== Records supplied

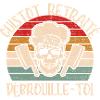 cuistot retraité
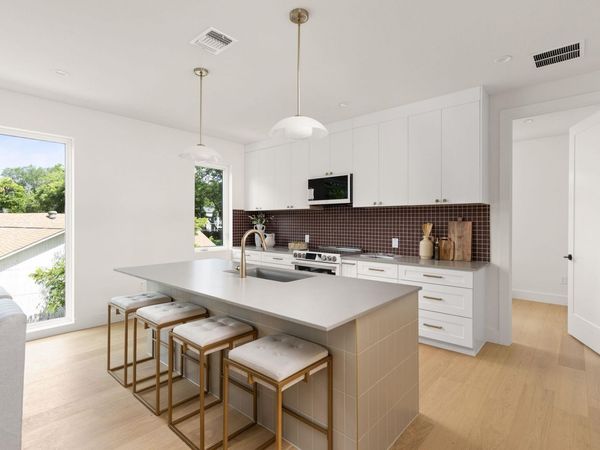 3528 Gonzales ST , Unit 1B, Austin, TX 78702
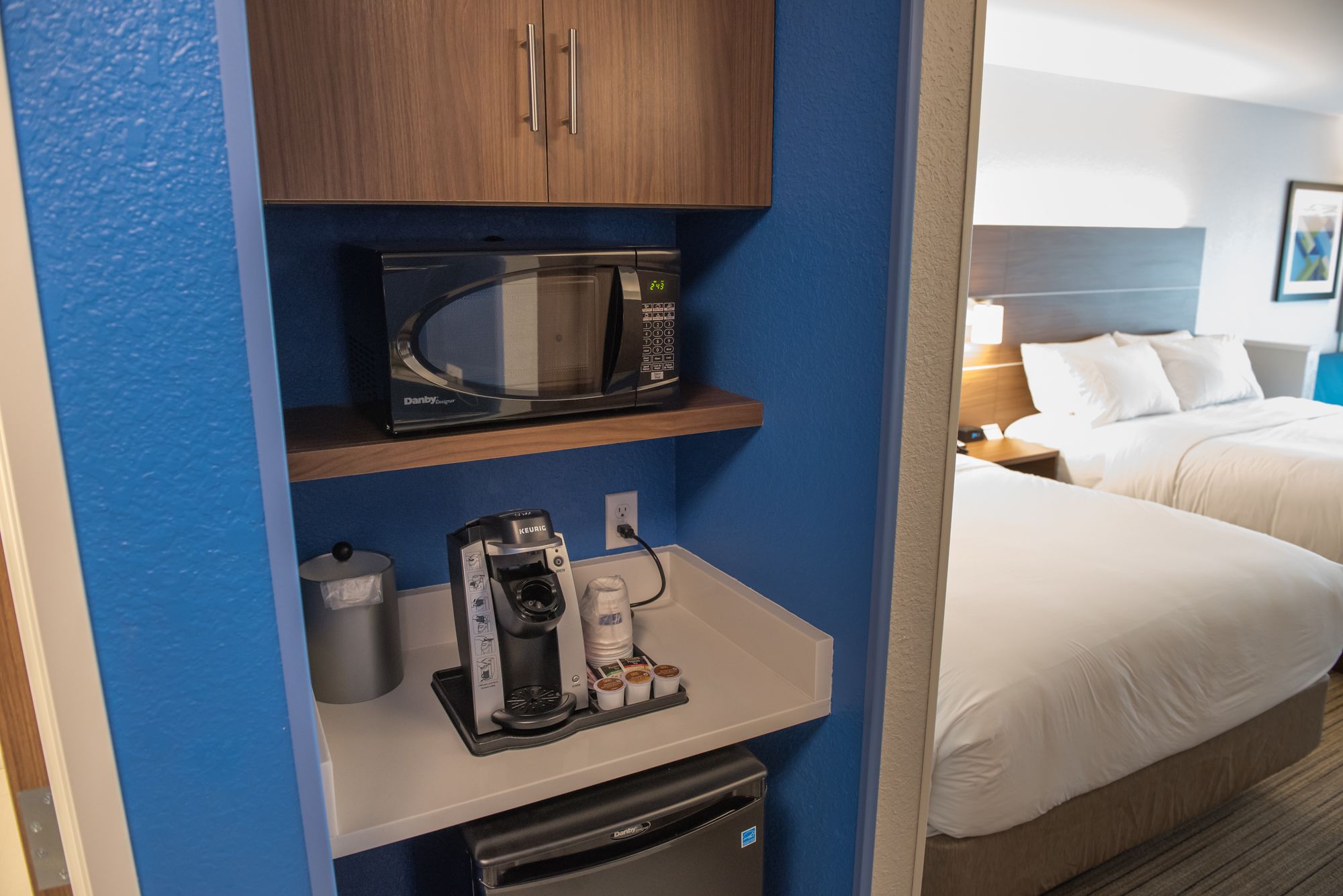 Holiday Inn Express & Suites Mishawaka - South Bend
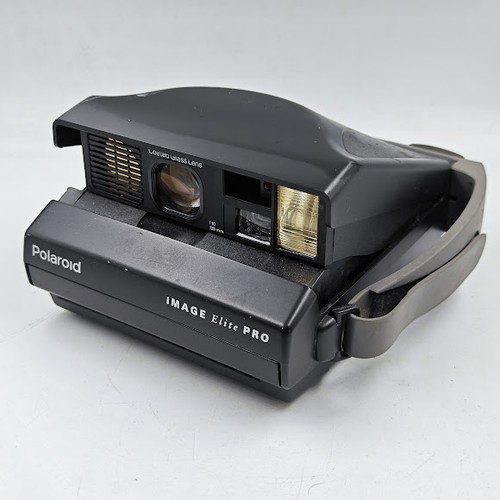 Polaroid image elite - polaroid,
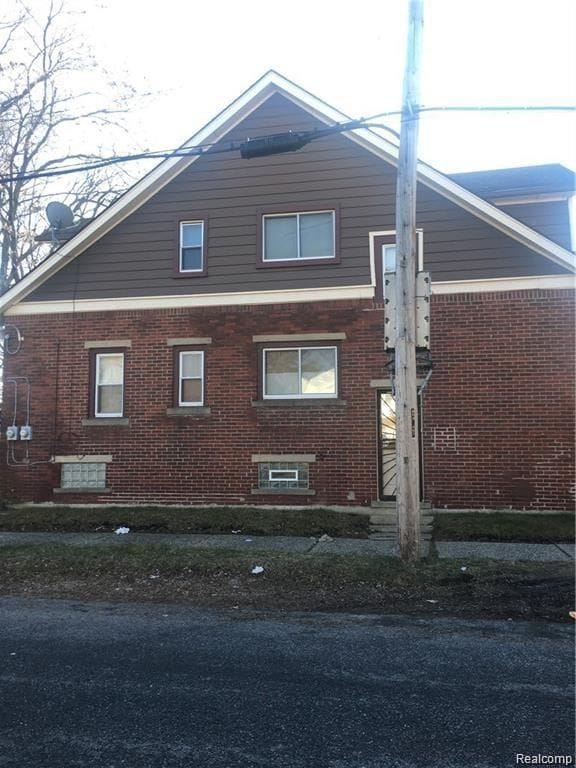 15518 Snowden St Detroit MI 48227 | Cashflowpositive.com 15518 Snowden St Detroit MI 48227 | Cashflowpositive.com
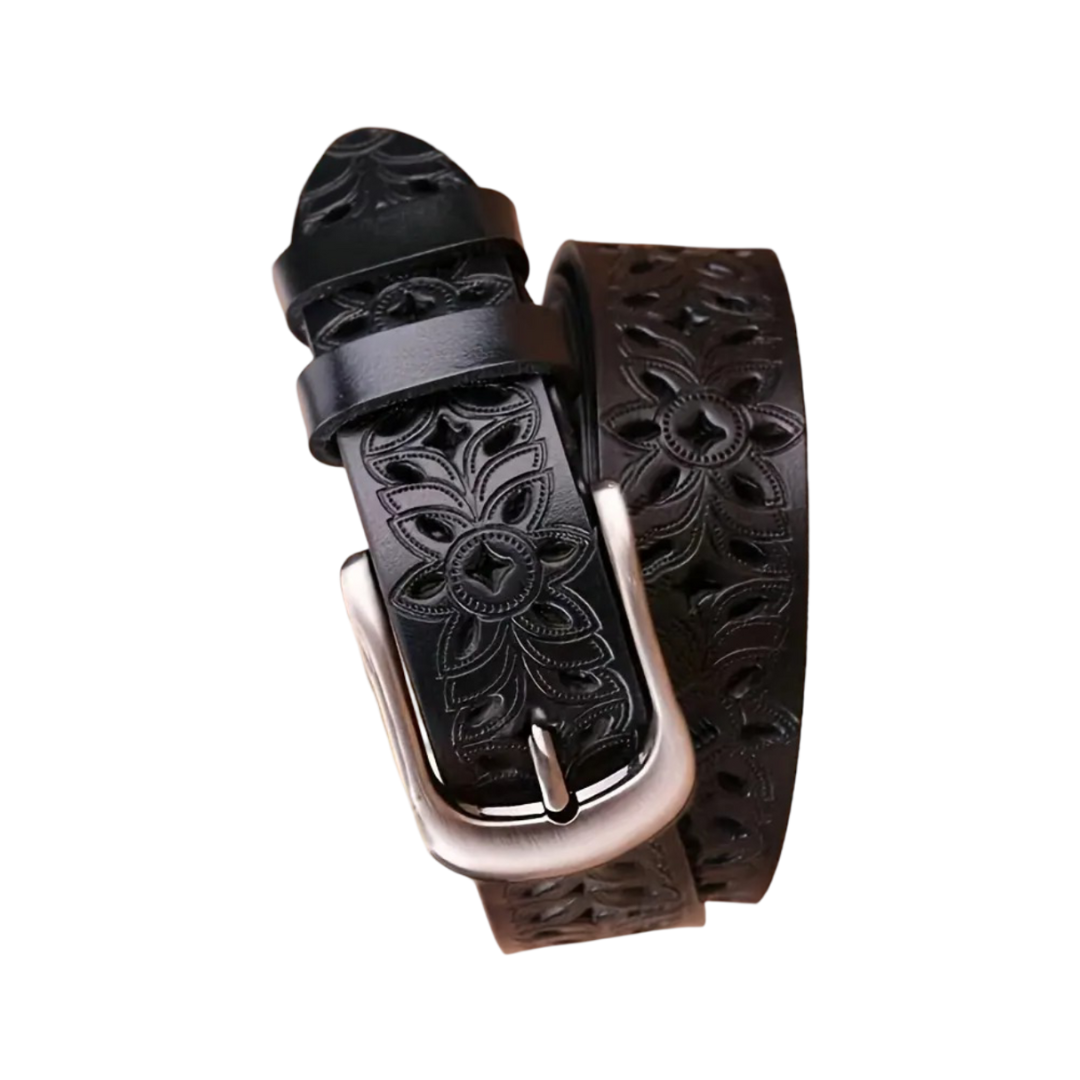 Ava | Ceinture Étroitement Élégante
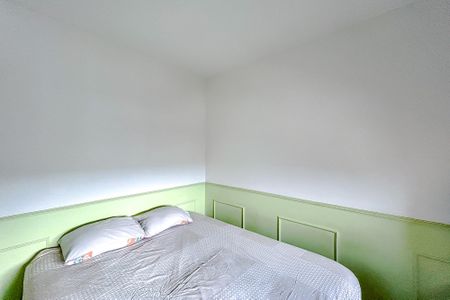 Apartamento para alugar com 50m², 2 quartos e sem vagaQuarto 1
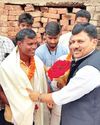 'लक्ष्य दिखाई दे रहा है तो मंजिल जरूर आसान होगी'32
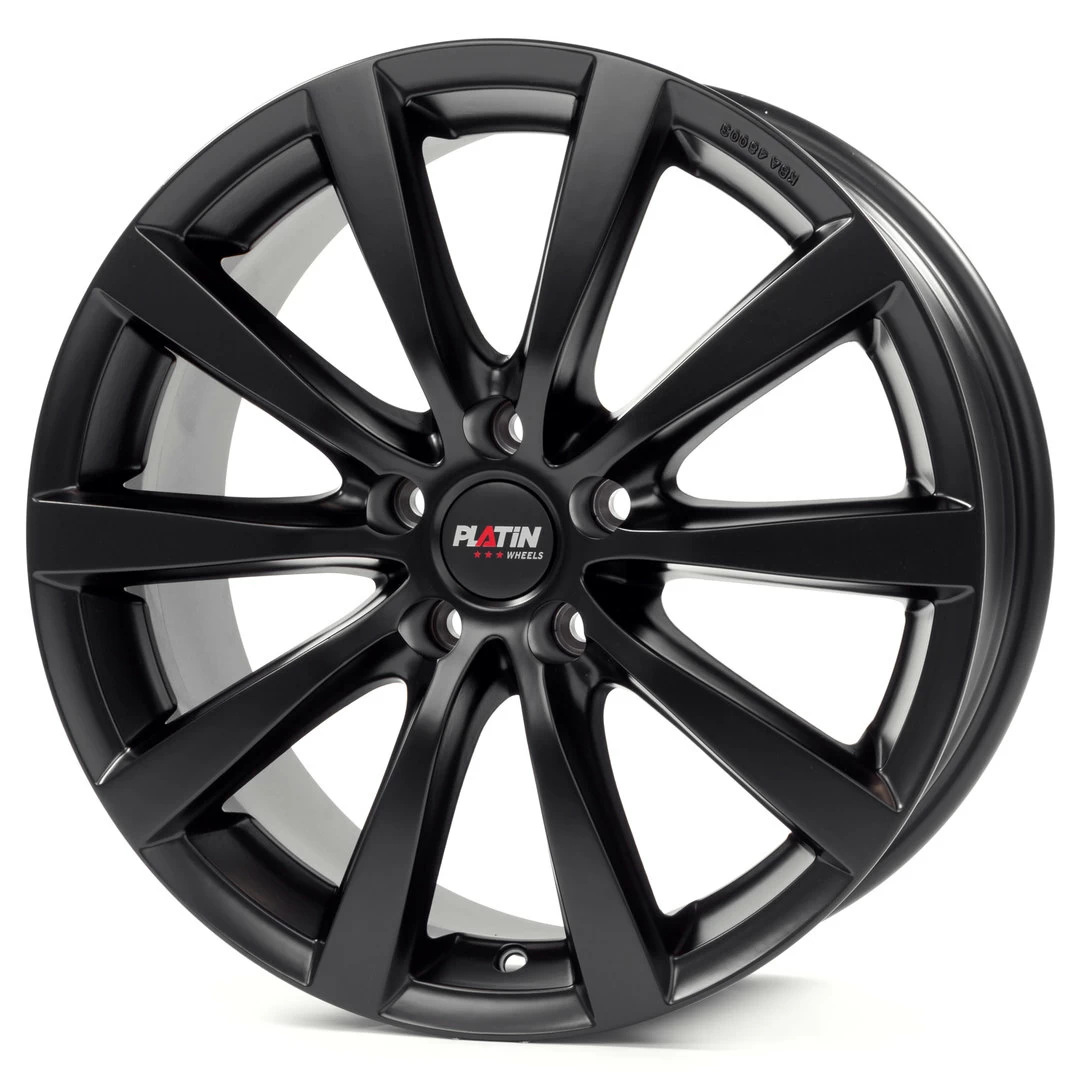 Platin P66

====

**What the task requires:** Write the listing out exactly, word for word, but omit the pictures.

**Answer section:**
 cuistot retraité
 3528 Gonzales ST , Unit 1B, Austin, TX 78702
 Holiday Inn Express & Suites Mishawaka - South Bend
 Polaroid image elite - polaroid,
 15518 Snowden St Detroit MI 48227 | Cashflowpositive.com 15518 Snowden St Detroit MI 48227 | Cashflowpositive.com
 Ava | Ceinture Étroitement Élégante
 Apartamento para alugar com 50m², 2 quartos e sem vagaQuarto 1
 'लक्ष्य दिखाई दे रहा है तो मंजिल जरूर आसान होगी'32
 Platin P66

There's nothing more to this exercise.